Beyond a Gaussian Denoiser: Residual Learning of Deep CNN for Image Denoising [3]. In Figure 1., the authors show their proposed architecture that applies the same logic. Neither the first convolutional layer, neither the last use Batch Normalization. Although the authors make their point in justifying the usage of residual learning + Batch Normalization, the paper does not justify this architectural choice. The network would look something like this:

$$I \rightarrow (C + A)_{1} \rightarrow (C + BN + A)_{2} \rightarrow \cdots \rightarrow (C + BN + A)_{n} \rightarrow C \rightarrow O$$

Deep Residual Learning for Image Recognition [4]. This paper proposes a different scheme, as it applies Batch Normalization after each convolution operation on convolutional layers (thus including the input).

To sum up some papers use it only on the "hidden convolutional blocks", others on all of them. My advice is that, if you have the time, you should compare the two approaches. Remark: maybe I am unaware of some further development on the matter that gives a precise argument in favor of whether of these approaches.

## References

[1] Ioffe, S., & Szegedy, C. (2015, June). Batch normalization: Accelerating deep network training by reducing internal covariate shift. In International conference on machine learning (pp. 448-456). PMLR.

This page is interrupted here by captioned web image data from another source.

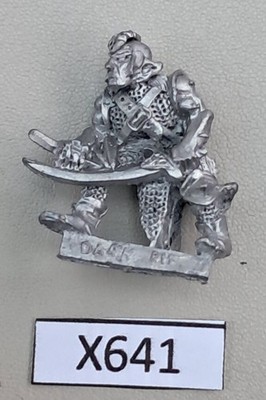 GW Dunkelelfe mit Schwert und Dolch - Metall (X641)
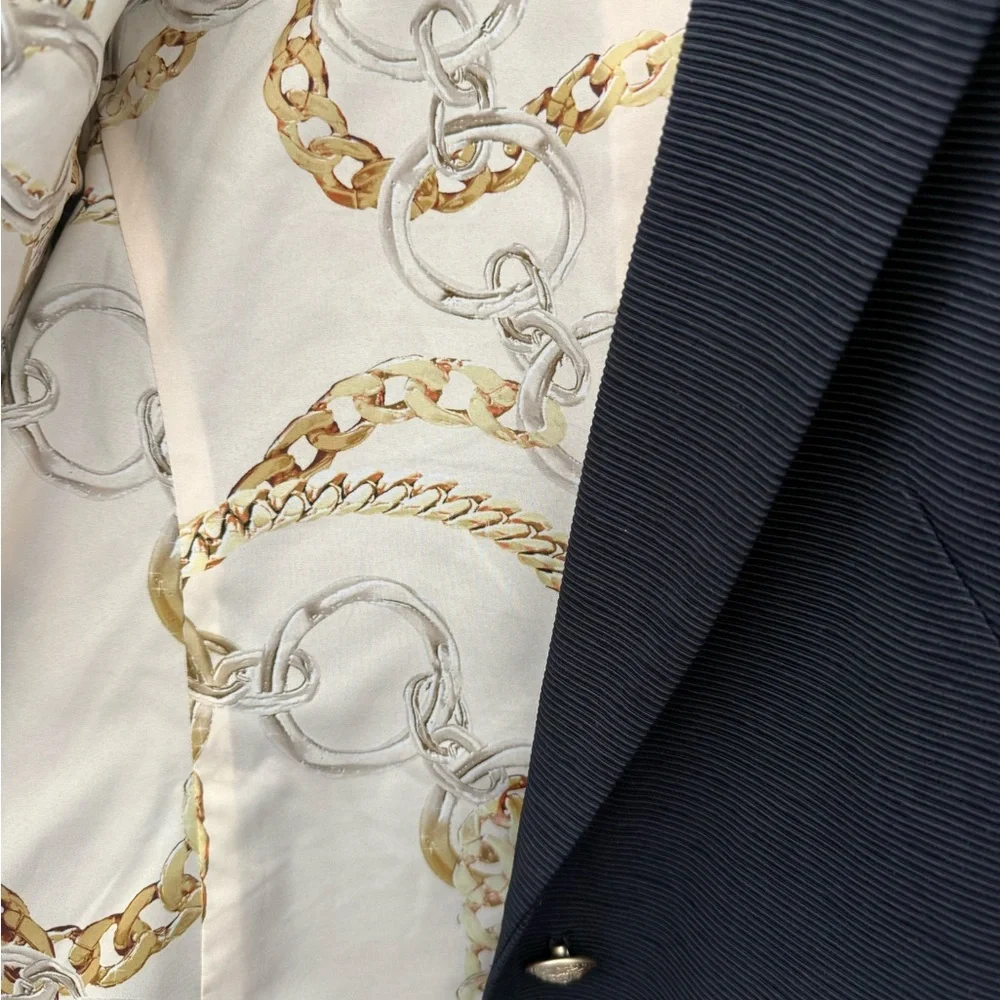 L'AGENCE Jennah Navy Blazer with Gold Button - size 4 - Picture 3 of 7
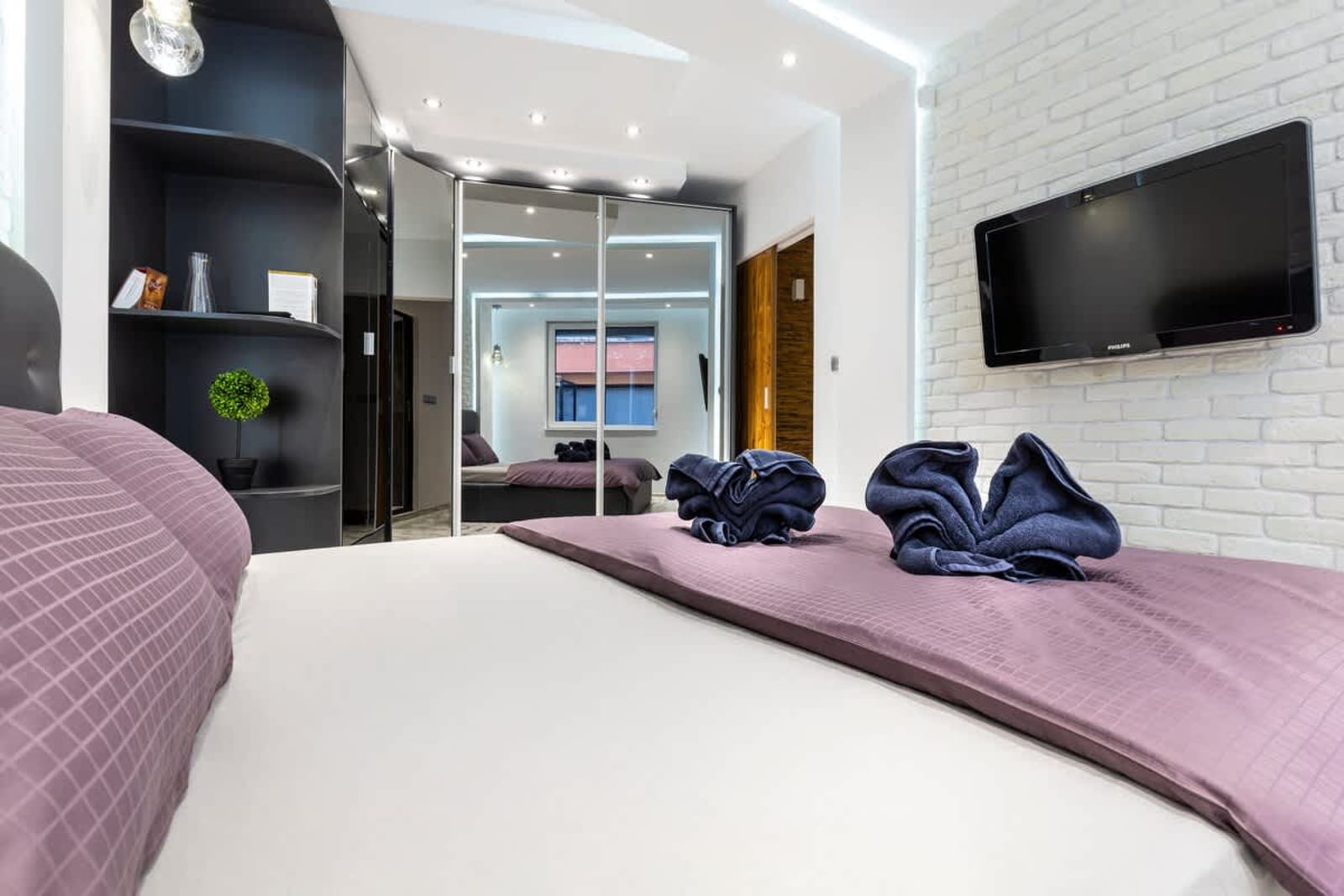 Modern 1BD Flat with Parking near the city centre - Photo 11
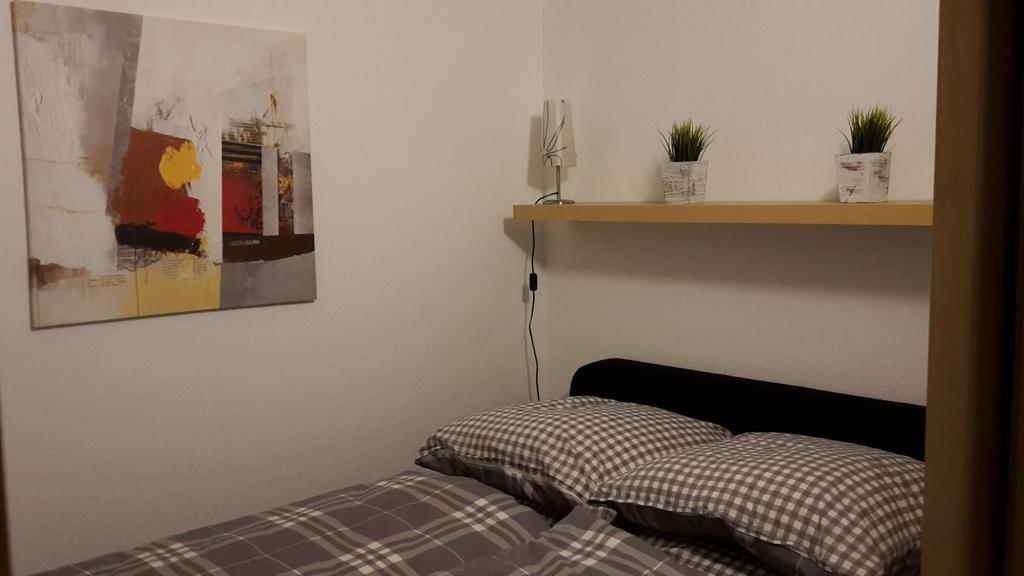 Apartment Lang *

[2] Radford, A., Metz, L., & Chintala, S. (2015). Unsupervised representation learning with deep convolutional generative adversarial networks. arXiv preprint arXiv:1511.06434.

[3] Zhang, K., Zuo, W., Chen, Y., Meng, D., & Zhang, L. (2017). Beyond a gaussian denoiser: Residual learning of deep cnn for image denoising. IEEE transactions on image processing, 26(7), 3142-3155.

[4] He, K., Zhang, X., Ren, S., & Sun, J. (2016). Deep residual learning for image recognition. In Proceedings of the IEEE conference on computer vision and pattern recognition (pp. 770-778).